Why is data integrity such a big issue at petabyte scales?

Data integrity becomes a much more significant issue at petabyte scales due to increasing probabilities of data loss and array rebuild times. At these scales, unrecoverable read errors start to become statistically significant.

Traditional RAID array rebuild times can span days when using multi-terabyte hard drives.  One can overcome this by using a distributed RAID array which is discussed later.

When modeling failure modes it is usually assumed that drive failures are uncorrelated but in our experience that is not the case.  Typically all the drives in an array are not just from the same build batch but will have sequential serial numbers. Manufacturing defects or firmware bugs lead to systematic and correlated problems. In addition, because rack space is typically a precious commodity one tends to use dense disk enclosures which can suffer from mechanical vibrations and broken circuit traces on connectors.
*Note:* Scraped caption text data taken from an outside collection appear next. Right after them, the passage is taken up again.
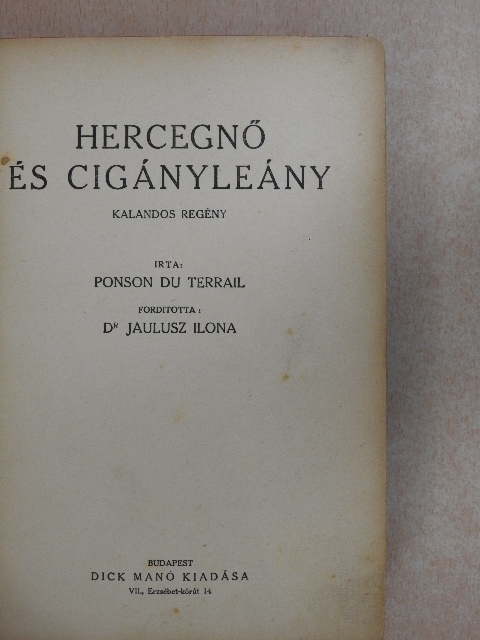 Dr. Jaulusz Ilona - Hercegnő és cigányleány [antikvár]
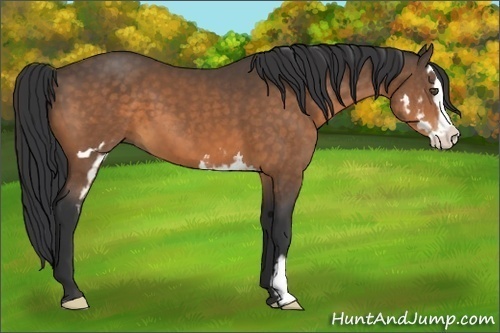 Horse Color:Buckskin Splash Frame 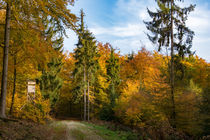 Herbstwald unter blauem Himmel by Ronald Nickel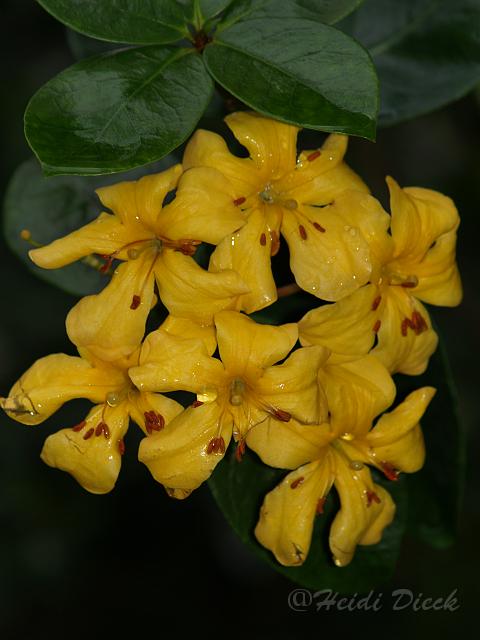 Rhodo macregoriae x laetum.JPG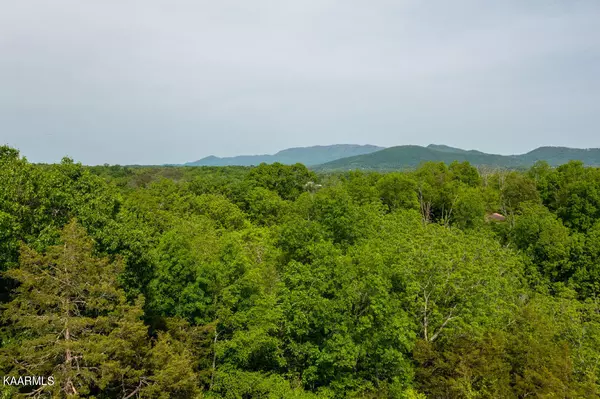 Sevierville, TN 37876,Lot 7 Megan Ridge Dr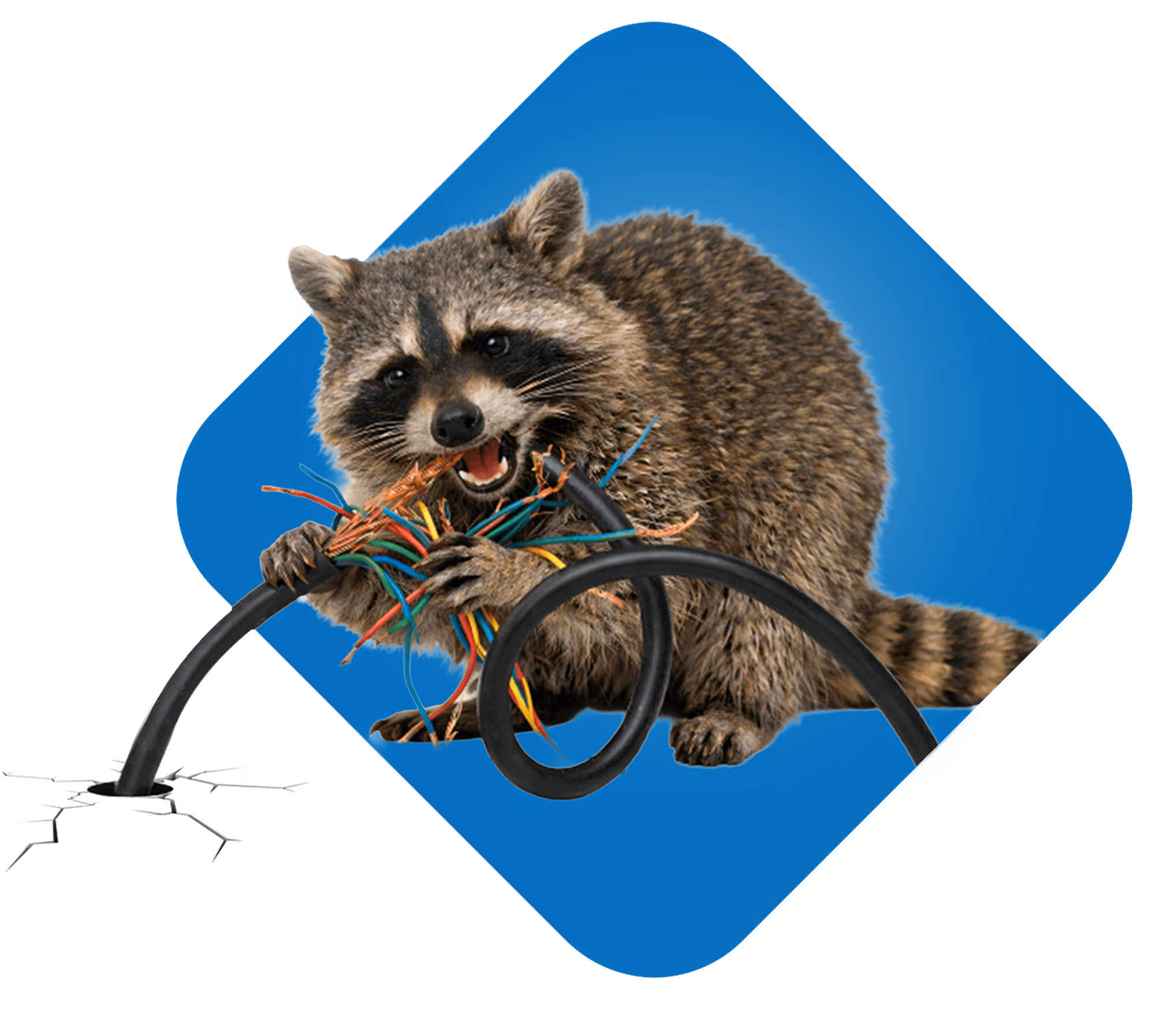 Raccoon biting and holding a damaged electrical cable with exposed colored wiring on a blue background.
Probability of data loss vs. space efficiency for various data integrity schemes. Space efficiency is  defined as   (unique data)/(data+parity). We assumed a 6% annualized probability of disk failure and a 24 hour rebuild time,   changing this assumption will change the  scale of the y-axis but not change the relative positions of the results for each scheme. The ideal  configuration is in the lower right corner and would have a low chance of data loss and make good use of space.  Mirror-xN signifies N replicas of data. RAID5-N and RAID6-N correspond to N total drives, data and parity, used in the array.  The RAID6-Nx2 correspond to RAID6 arrays using N total drives that are replicated.  RS-D+P represents generic Reed-Solomon using D data disk and P parity disks. The Y-axis should be scaled by the number of drive arrays to calculate the actual probability. For a fixed storage capacity (1 petabyte, for example) the number of drive arrays  required will vary depending on the data integrity scheme used.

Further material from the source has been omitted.